> [What needs to be done]: Beginning at the line that contains "прущие грибы Заводоуковск", output each line exactly through the end of the records, and drop any pictures.

Start of Block

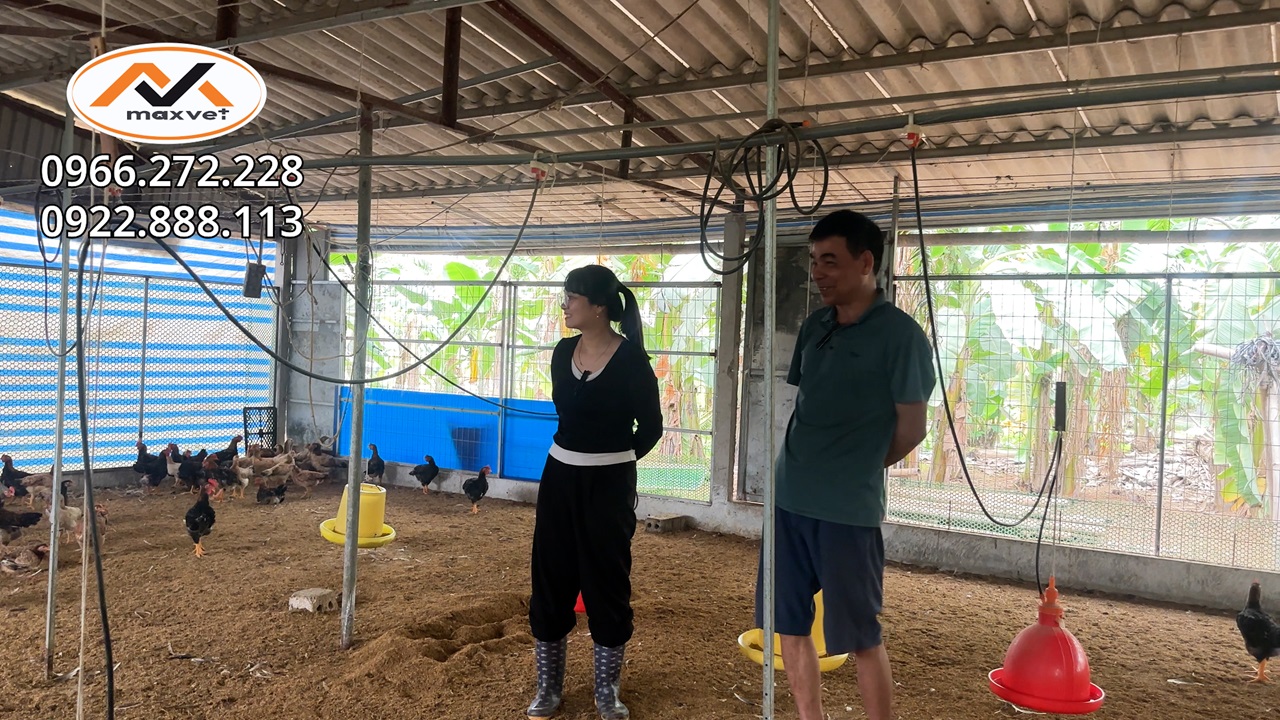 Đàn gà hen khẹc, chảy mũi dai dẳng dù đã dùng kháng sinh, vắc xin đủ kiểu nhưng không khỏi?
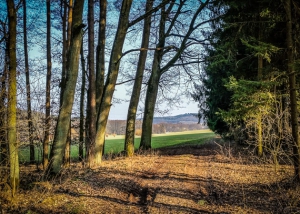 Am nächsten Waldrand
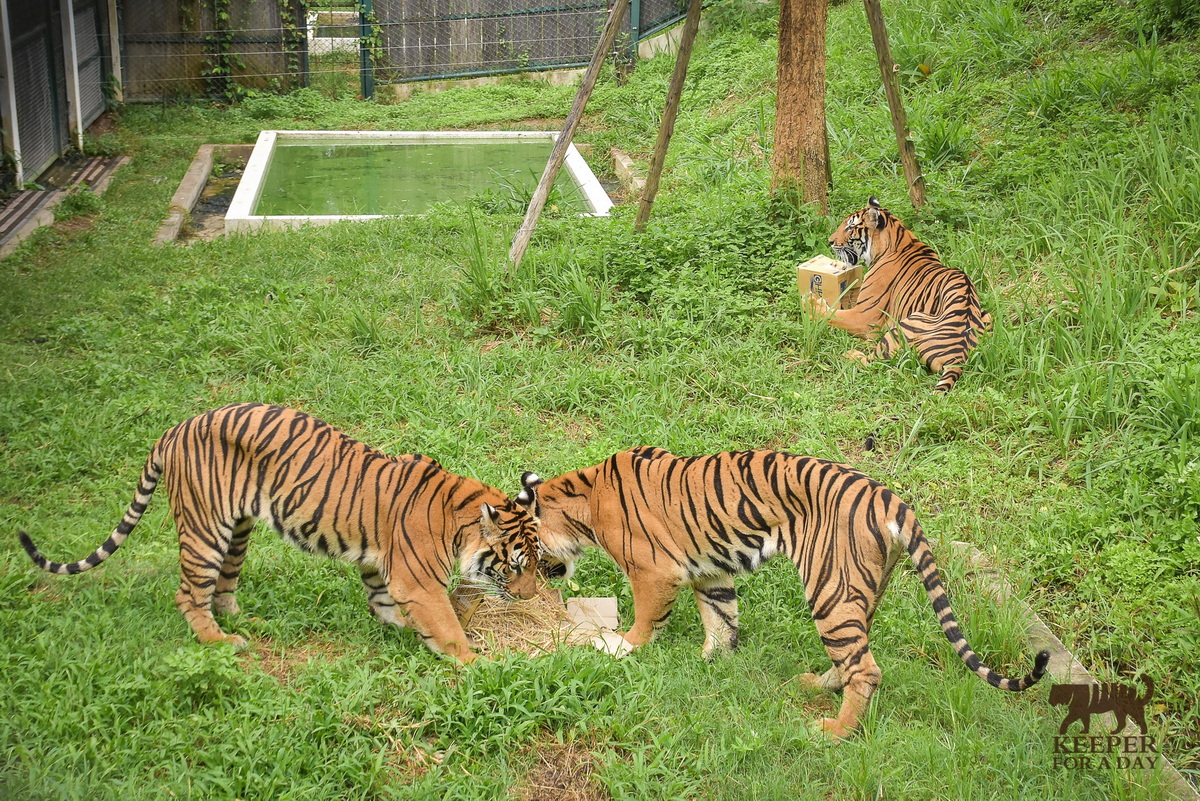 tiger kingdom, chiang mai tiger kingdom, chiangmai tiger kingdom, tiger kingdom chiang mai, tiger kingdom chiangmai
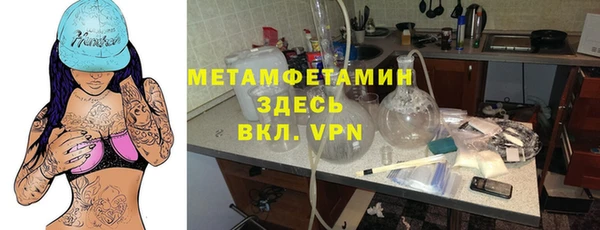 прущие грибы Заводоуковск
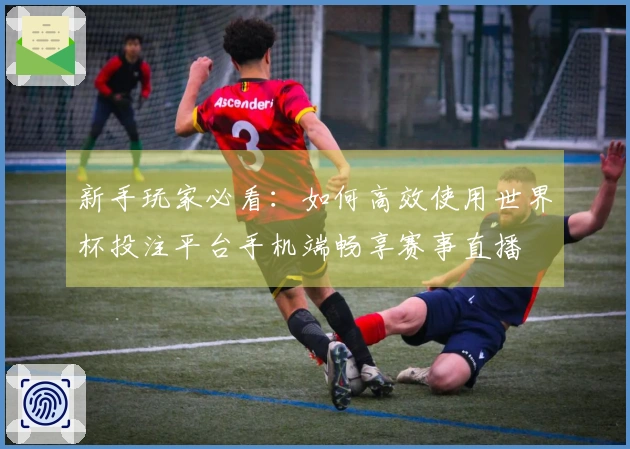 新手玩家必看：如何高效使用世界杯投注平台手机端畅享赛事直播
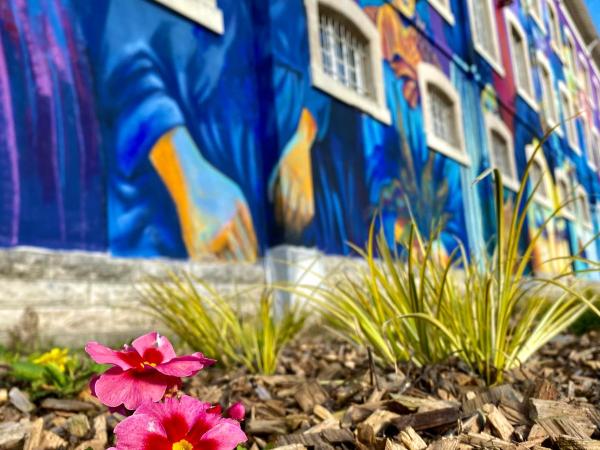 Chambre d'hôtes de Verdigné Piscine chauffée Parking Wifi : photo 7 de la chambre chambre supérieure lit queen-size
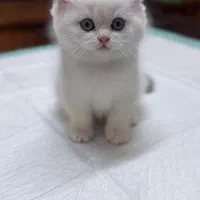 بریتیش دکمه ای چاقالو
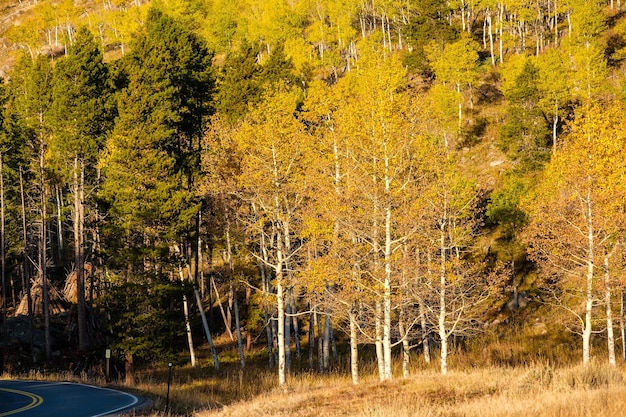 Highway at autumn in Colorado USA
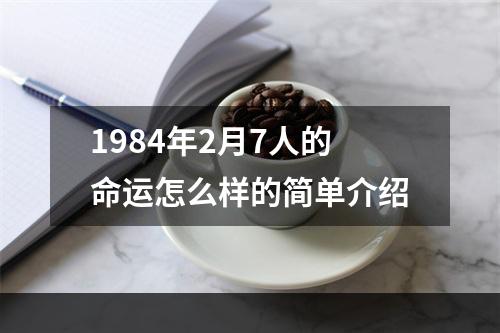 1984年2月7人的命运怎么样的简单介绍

End of Block

> [Solved exercise]:
 прущие грибы Заводоуковск
 新手玩家必看：如何高效使用世界杯投注平台手机端畅享赛事直播
 Chambre d'hôtes de Verdigné Piscine chauffée Parking Wifi : photo 7 de la chambre chambre supérieure lit queen-size
 بریتیش دکمه ای چاقالو
 Highway at autumn in Colorado USA
 1984年2月7人的命运怎么样的简单介绍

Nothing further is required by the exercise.